While the Czech Republic-based firm is now known for making cars that are cheap, cheerful and somewhat edgy, its vast heritage includes several models that competed in regional, national and international races. One is the 1100 OHC Coupe, which was developed as an evolution of the open-top 1100 OHC and built around a lightweight frame made with thin-walled tubes. Engineers used some off-the-shelf parts (like the door handles) to save time and money, but the chassis and the aluminum body were created specifically for the two race cars.

Both 1100 OHC Coupes raced between 1960 and 1962, and Škoda notes that their career was cut short by regulations that made them ineligible for competition. They were sold to private buyers in 1966 and later modified and wrecked; one notably caught fire. Luckily, these cars were in the hands of folks who knew what they had, and many of the salvageable parts were safely tucked away for decades. For example, the first car’s original engine was displayed at a vocational school in Škoda’s hometown, and the second car’s transaxle spent many years displayed in the National Technical Museum in Prague before being donated to the Škoda museum about a quarter of a century ago.

Škoda also purchased an original frame that had been cut into three parts, a front axle, plus other odds and ends from a private collector in 2014. It’s from these scraps that the reconstruction project began. Using a vast amount of period documentation, including repair manuals, men and women from the company’s museum and prototype-building division renovated the frame and built parts like the radiator and the fuel tank from scratch. The engine was reportedly in surprisingly good shape because the car that it came from hadn’t been driven much.

That’s where the project should have ended: The initial goal was to reconstruct the frame, clean up the drivetrain, assemble everything, and display the chassis in the Škoda museum. Then, someone decided that the 1100 OHC Coupe deserved better; it deserved to race again.

Of course, this unexpected change of direction considerably broadened the scope of the project while peppering it with new difficulties. None of the two 1100 OHC Coupe bodies survived, meaning that Škoda couldn’t source a parts car to start with — it couldn’t even find a car to copy. Working with 1:1-scale 2D scans of the original technical drawings, engineers created a three-dimensional model that they spent hours fine-tuning by comparing it to photos taken in the 1960s.
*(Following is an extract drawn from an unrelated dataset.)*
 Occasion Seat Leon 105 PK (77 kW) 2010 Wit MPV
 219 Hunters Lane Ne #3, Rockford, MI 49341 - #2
Models were made to verify the proportions, just like when designing a production-bound car. When everything was dialed in, the body was built using sheets of aluminum that were beat into shape and welded by hand.

Years in the making, the 1100 OHC Coupe is finally ready to line up on a starting grid again. Its front-mid-mounted four-cylinder engine slurps gasoline through a pair of carburetors to develop 92 horsepower at 7,700 horsepower. It spins the rear wheels via a five-speed manual transaxle, a configuration that improves weight distribution, and the gear ratio can be adjusted to suit a specific track. Škoda hasn’t revealed what the future holds for the coupe, but we’re hoping to see this 1,223-pound coupe hit its 124-mph top speed soon.